An argument often made for the existence of “g” is that it is the so called “active ingredient” of the IQ tests predictive power. The argument can be summarized as such: Controlling for ‘g’, the subscores, or item scores of the IQ test no longer predicts important outcomes like grades, income, SES and so on. In other words, subscores have no incremental validity. I/O psychologists have even a made catchphrase for this finding: “Not much more than g”
It is not my intention to review the whole literature in this post, but to go over the conceptual issues with studies test this hypothesis, and why they are not as strong as they may seem at first glance.
1st: The (factor)structure of most IQ tests
I use term “factors” here loosely, will elaborate in a later post
I also use the term “narrow” and “broad” as levels of generality in this example, not using the CHC conviction
In the picture, you can see the structure of the WAIS-III. The actual names of the factors are not important. We only need to know that FSIQ(a proxy for g) is at the top, while other so called broad factors are below it, and below the broad factors there are the so called narrow factors. The narrow factors are measured by the subtests at the bottom of the picture. The broad factors, and g are actually not measured at all, they are extracted by running a fairly sophisticated statistical procedure called factor analysis(more on this in a later post). When it comes to individual administration the scores for broad factors and FSIQ are usually calculated by a weighted sum of the subtest, but other methods are possible too.
Note two things:First, in this example, there are 7 scores to be computed, while there are only 12 subtests.

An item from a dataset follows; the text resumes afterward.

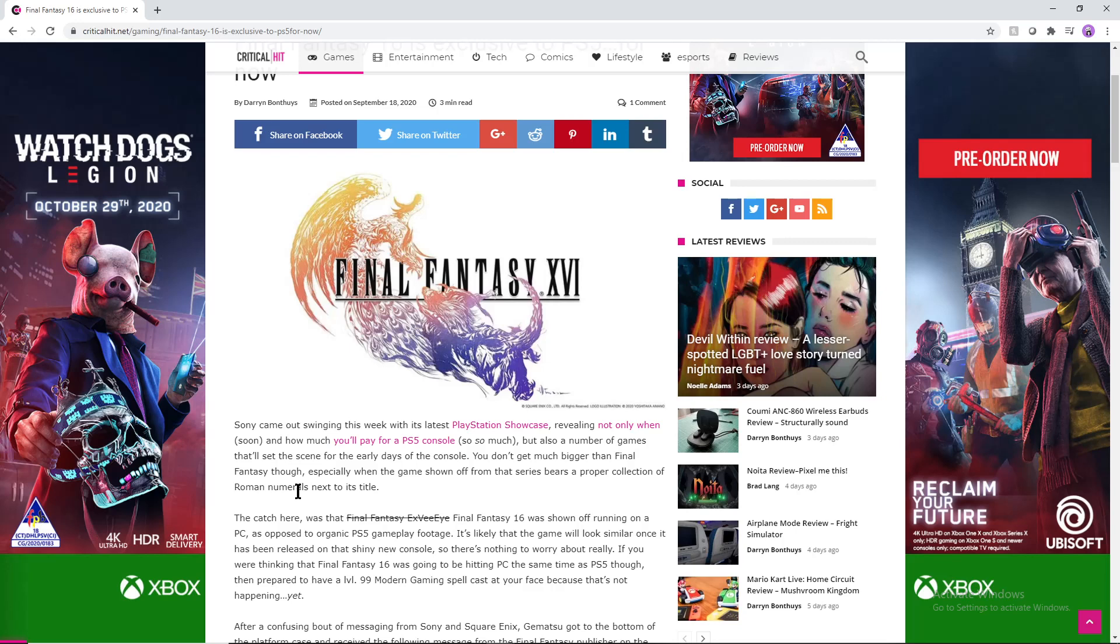Hey, how's it going everybody? Welcome back to another video where we're going to be talking about Final Fantasy XVI and the recent news on whether or not it is exclusive.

Second, the FSIQ(g) is effectively calculated by using the scores from all the subtests, while broad factors are calculated only by using the subtests that are below said factors. The narrow abilities use even less subtests. The implication of these facts is clear: Measurement error is much higher at the broad and narrow factor level than at the general factor level. As we know, measurement error deflates the “true” correlation between the predictor and the outcome. Even at the latent variable level, the measurement of the broad factors is questionable. ( Dombrowski et al 2015 )
2nd: Assumptions of causality
“Intentionally or not, when researchers use incremental validity analysis to evaluate a specific aptitude theory, they invoke the assumption that an underlying latent trait (i.e., GMA) accounts for the variance shared across test scores. Lang et al. have noted this view is theoretically close (although not identical) to Spearman’s original idea that all variance that tests in a battery share is attributable to the general factor… The idea that the variance shared by GMA and narrower cognitive abilities is attributable to GMA is also theoretically in line with higher-order conceptualizations of intelligence. In these conceptualizations, GMA is the underlying source of shared variance between the narrower cognitive abilities. Despite the prevalence of the practice, it is important for researchers and practitioners to realize that entering GMA first in incremental validity analysis is a choice—and not one they need to feel compelled to make.”(Kell & Lang 2017)
Simply stated, all of these studies assume that g causes the broad factors. By controlling for g, researchers also indirectly control for parts of the broad ability too! This makes sense if we think g is causal, however many emergent theories do not regard g as a reflective variable. Notable mentions include: Dynamic Mutualism, POT, and the PASS theory of intelligence.
Kell and Lang illustrates that depending on our theoretical assumptions, we can get quite different results from the same data. Here we can see the traditional “incremental validity” approach And here is depicted the “relative importance analysis” approach. As is evident, the results vary significantly. I do not wish to advocate for either approach here. Ultimately, we do not yet fully comprehend what g represents.
Lastly, there is strong emerging evidence for the existence of more than g using the traditional incremental validity approach.
The final counterargument against the “not much more than g” assertion comes from (Coyle et al 2008). It is well-known that the SAT and ACT are g-loaded tests and that they somewhat predict academic outcomes. It is also acknowledged that g predicts academic outcomes. Some researchers speculated that the predictive validities of the SAT/ACT were exclusively due to g. Coyle and Pillow tested whether these tests predict outcomes after statistically removing g. Surprisingly, the residuals(u13 in the pictures) predicted grades just as well as g does! This is noteworthy, especially considering that if we assume a g-loading of about 0.8 is accurate, then g explains approximately 64% of the variance in the SAT/ACT scores. These results have been replicated in Coyle et al’s other works.
Conclusion: The usual incremental validity approach has its doubts, and even with this method, newer studies suggest there’s more to it than just “g”.